### AIM OF THE EXERCISE
The lines from the start of the data through the line with "48 Ku-ring-gai Chase" are to be returned verbatim; all later lines are to be omitted.

### GIVEN INFORMATION
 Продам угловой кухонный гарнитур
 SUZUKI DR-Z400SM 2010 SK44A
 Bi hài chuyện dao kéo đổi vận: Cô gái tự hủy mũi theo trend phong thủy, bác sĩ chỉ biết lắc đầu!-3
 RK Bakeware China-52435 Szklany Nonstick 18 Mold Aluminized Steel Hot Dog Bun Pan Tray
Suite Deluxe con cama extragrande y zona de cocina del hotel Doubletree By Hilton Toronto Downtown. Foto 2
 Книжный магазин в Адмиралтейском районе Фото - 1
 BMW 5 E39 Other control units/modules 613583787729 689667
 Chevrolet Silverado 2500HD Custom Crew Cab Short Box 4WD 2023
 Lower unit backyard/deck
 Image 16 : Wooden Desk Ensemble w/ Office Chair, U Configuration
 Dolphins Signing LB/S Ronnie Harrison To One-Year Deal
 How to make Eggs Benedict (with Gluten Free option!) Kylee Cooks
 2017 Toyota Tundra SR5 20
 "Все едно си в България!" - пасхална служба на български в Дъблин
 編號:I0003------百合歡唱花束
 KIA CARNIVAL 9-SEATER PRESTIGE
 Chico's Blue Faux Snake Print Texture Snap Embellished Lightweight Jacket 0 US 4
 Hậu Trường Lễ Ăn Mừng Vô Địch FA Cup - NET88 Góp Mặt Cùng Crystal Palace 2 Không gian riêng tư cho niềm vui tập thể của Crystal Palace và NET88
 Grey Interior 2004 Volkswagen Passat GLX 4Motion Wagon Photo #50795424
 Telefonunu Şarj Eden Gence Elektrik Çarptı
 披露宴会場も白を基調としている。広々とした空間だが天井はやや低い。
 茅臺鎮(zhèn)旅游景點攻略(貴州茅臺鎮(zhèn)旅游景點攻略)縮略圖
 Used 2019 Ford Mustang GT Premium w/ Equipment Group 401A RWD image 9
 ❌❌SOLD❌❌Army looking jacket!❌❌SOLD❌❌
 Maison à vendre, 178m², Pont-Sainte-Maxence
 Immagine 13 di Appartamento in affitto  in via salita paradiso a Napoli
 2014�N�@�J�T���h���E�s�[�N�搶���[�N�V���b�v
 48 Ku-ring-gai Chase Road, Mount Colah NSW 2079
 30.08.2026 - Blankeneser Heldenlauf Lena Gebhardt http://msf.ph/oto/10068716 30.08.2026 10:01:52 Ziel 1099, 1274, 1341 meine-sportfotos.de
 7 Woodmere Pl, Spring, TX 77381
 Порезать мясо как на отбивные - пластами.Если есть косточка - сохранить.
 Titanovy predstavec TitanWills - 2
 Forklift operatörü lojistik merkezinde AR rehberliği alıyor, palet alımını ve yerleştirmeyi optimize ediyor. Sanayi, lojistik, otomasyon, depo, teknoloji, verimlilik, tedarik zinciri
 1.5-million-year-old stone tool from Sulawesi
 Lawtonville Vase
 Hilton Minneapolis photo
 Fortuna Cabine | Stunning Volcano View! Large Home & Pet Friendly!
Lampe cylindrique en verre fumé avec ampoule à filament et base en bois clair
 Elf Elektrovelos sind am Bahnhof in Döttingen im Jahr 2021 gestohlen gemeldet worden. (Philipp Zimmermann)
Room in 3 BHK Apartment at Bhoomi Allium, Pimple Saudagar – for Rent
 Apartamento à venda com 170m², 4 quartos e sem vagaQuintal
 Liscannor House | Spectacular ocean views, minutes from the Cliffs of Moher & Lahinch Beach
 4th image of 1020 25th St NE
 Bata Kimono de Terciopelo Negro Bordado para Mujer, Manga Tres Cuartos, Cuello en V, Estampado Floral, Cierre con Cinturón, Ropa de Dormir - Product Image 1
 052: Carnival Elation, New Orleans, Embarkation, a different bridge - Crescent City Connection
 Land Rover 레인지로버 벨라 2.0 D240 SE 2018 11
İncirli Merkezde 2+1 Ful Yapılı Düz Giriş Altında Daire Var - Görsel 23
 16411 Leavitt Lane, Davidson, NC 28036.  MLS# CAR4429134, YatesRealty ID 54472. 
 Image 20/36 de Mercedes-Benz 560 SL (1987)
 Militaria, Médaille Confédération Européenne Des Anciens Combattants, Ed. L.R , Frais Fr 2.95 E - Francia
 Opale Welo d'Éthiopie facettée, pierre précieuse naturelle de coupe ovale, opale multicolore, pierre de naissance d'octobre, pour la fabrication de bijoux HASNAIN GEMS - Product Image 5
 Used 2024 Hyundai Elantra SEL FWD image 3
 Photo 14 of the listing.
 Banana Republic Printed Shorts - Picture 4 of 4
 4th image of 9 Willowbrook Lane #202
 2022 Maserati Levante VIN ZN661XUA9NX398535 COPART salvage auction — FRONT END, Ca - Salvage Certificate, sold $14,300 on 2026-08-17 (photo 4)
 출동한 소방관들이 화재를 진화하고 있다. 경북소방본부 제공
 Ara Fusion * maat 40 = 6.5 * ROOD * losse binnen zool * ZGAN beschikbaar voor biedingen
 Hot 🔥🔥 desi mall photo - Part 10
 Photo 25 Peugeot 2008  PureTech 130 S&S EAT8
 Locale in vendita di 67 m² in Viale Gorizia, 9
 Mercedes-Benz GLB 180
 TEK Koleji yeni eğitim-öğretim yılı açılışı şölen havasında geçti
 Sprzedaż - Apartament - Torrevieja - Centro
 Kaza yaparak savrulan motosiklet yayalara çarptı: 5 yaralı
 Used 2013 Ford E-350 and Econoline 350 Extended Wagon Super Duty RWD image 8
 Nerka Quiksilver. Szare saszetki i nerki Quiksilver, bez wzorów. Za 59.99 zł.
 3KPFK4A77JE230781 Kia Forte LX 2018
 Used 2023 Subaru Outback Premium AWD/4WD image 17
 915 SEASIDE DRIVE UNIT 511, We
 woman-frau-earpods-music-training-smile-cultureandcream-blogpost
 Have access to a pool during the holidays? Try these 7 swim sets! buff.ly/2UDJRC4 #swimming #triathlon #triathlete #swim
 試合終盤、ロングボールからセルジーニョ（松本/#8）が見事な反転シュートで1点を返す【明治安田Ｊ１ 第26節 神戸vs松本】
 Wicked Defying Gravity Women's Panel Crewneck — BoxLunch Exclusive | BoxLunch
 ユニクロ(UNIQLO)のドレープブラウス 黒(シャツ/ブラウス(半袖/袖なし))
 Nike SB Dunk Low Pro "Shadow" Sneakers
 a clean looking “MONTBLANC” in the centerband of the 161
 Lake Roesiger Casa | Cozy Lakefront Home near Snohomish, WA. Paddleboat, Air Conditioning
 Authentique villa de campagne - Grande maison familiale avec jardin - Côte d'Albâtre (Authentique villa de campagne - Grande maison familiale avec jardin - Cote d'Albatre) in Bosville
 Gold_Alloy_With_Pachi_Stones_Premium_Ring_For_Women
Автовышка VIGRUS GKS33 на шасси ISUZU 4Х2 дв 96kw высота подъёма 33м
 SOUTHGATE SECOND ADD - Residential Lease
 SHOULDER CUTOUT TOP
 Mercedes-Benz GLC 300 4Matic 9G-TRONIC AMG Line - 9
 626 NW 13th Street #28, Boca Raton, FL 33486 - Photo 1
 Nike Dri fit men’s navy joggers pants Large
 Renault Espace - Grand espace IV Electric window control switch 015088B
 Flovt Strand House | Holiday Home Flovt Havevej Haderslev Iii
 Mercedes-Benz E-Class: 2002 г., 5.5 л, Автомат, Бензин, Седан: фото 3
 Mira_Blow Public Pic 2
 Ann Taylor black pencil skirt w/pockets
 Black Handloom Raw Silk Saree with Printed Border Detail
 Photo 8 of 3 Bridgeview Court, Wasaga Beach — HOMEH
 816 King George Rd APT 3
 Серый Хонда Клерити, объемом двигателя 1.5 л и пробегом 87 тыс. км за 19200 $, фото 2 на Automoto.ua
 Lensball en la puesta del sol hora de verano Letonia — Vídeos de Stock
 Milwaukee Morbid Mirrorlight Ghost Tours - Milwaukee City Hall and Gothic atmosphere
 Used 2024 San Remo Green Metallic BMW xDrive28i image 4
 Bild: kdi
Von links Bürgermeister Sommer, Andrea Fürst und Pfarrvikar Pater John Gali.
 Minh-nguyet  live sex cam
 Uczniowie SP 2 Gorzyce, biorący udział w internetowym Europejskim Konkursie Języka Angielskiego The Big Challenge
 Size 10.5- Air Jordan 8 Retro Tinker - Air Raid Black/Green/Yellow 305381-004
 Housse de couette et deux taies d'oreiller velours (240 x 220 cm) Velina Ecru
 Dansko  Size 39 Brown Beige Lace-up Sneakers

### RESULT FOR THIS EXERCISE
 Продам угловой кухонный гарнитур
 SUZUKI DR-Z400SM 2010 SK44A
 Bi hài chuyện dao kéo đổi vận: Cô gái tự hủy mũi theo trend phong thủy, bác sĩ chỉ biết lắc đầu!-3
 RK Bakeware China-52435 Szklany Nonstick 18 Mold Aluminized Steel Hot Dog Bun Pan Tray
Suite Deluxe con cama extragrande y zona de cocina del hotel Doubletree By Hilton Toronto Downtown. Foto 2
 Книжный магазин в Адмиралтейском районе Фото - 1
 BMW 5 E39 Other control units/modules 613583787729 689667
 Chevrolet Silverado 2500HD Custom Crew Cab Short Box 4WD 2023
 Lower unit backyard/deck
 Image 16 : Wooden Desk Ensemble w/ Office Chair, U Configuration
 Dolphins Signing LB/S Ronnie Harrison To One-Year Deal
 How to make Eggs Benedict (with Gluten Free option!) Kylee Cooks
 2017 Toyota Tundra SR5 20
 "Все едно си в България!" - пасхална служба на български в Дъблин
 編號:I0003------百合歡唱花束
 KIA CARNIVAL 9-SEATER PRESTIGE
 Chico's Blue Faux Snake Print Texture Snap Embellished Lightweight Jacket 0 US 4
 Hậu Trường Lễ Ăn Mừng Vô Địch FA Cup - NET88 Góp Mặt Cùng Crystal Palace 2 Không gian riêng tư cho niềm vui tập thể của Crystal Palace và NET88
 Grey Interior 2004 Volkswagen Passat GLX 4Motion Wagon Photo #50795424
 Telefonunu Şarj Eden Gence Elektrik Çarptı
 披露宴会場も白を基調としている。広々とした空間だが天井はやや低い。
 茅臺鎮(zhèn)旅游景點攻略(貴州茅臺鎮(zhèn)旅游景點攻略)縮略圖
 Used 2019 Ford Mustang GT Premium w/ Equipment Group 401A RWD image 9
 ❌❌SOLD❌❌Army looking jacket!❌❌SOLD❌❌
 Maison à vendre, 178m², Pont-Sainte-Maxence
 Immagine 13 di Appartamento in affitto  in via salita paradiso a Napoli
 2014�N�@�J�T���h���E�s�[�N�搶���[�N�V���b�v
 48 Ku-ring-gai Chase Road, Mount Colah NSW 2079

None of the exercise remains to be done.